O governo estima que as mudanças no PLR e prêmios não terão impacto fiscal. Mas instituições financeiras travam disputas bilionárias no Carf e na Justiça por esse motivo. O orçamento é um ponto importante para a MP, já que permite a tributação de desempregados para compensar a desoneração do programa de estímulo ao emprego de jovens.
A tributação do PLR é uma das prioridades da Receita e está frequentemente na pauta do Carf. De 2015 para cá foram publicados mais de 320 acórdãos sobre o assunto – a maioria com decisão contrária às empresas.
A justificativa para os autos de infração é a de que as empresas não seguem os critérios estabelecidos para a isenção. Entre eles, os que exigem a assinatura do acordo (entre empregados e empregador) no ano anterior ao do benefício e regras claras e objetivas ao plano.
Esses dois pontos constam na MP 905. Por isso, há chance de livrar as empresas de novas autuações. Segundo consta no texto, o plano deve ser assinado antes do pagamento e não, necessariamente, no ano anterior. “Está mais condizente com a realidade do mercado”, diz o advogado Pedro Ackel, do escritório WFaria. “Não faz sentido a empresa assinar o acordo quando ainda nem fechou o ano e não tem bem definidas as metas para o próximo.”
Sobre as regras “claras e objetivas”, a MP 905 diz que deve prevalecer a autonomia da vontade dos contratantes perante o interesse de terceiros. “Se empresa e empregado, por meio de comissão paritária ou acordo coletivo, definirem as regras não caberá ao Fisco alegar discordância para descaracterizar o plano, como ocorre hoje”, diz Leandro Cabral, do escritório Velloza.
A MP 905 amplia o uso do PLR, permitindo que entidades imunes tenham programas. Além disso, desobriga a participação do sindicato na negociação, realizada em comissão paritária de empregados e empresa. “Um dos grandes entraves desde o fim da contribuição obrigatória para o sindicato é convidá-lo para as negociações”, afirma Caio Taniguchi, do Simões Advogados.
As previsões da MP estão em linha com a jurisprudência antiga do Carf, alterada em 2016, com a deflagração da Operação Zelotes.

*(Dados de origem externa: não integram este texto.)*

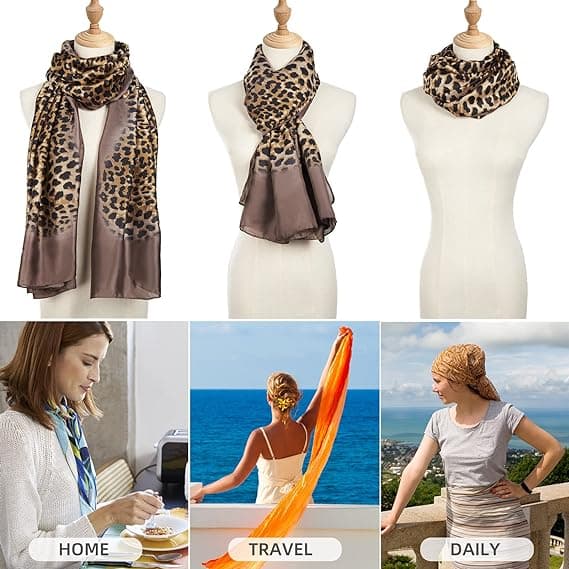 1PC Leopard Skjerf Kvinner Silke Skjerf Sateng Skjerf Trykt Skjerf Le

Nos últimos anos, as empresas têm perdido os processos sobre o assunto no órgão.
Em julho, a 2ª Turma da Câmara Superior – última instância do Carf – manteve cobrança de R$ 529 milhões do Itaú Unibanco sobre PLR e bônus de contratação pagos entre 2007 e 2008. Considerou que os planos não tinham regras claras e objetivas. O banco tem outro processo sobre o tema no Carf, no valor de R$ 1,2 bilhão, referente a 2009 e 2010, que aguarda julgamento.
O BTG e suas controladas são parte em 39 processos relativos ao pagamento de PLR. O valor envolvido é de R$ 608,9 milhões. O Santander recebeu autuações no valor de R$ 5,4 bilhões. Os casos são discutidos nas esferas administrativa e judicial.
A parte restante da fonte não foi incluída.